■ Source data:
<<<<
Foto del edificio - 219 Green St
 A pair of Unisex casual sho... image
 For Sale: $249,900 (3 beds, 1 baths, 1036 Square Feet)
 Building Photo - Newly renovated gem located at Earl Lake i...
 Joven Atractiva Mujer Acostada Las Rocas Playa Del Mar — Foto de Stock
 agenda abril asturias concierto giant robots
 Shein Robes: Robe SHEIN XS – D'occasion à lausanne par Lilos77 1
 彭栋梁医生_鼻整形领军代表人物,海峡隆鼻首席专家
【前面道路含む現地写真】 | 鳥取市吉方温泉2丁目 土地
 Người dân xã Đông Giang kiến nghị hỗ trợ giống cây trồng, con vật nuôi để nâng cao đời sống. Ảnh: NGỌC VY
>>>>
Above are entries; state the number of lines among them that contain "Foto", and nothing else.

■ Response to this task: 2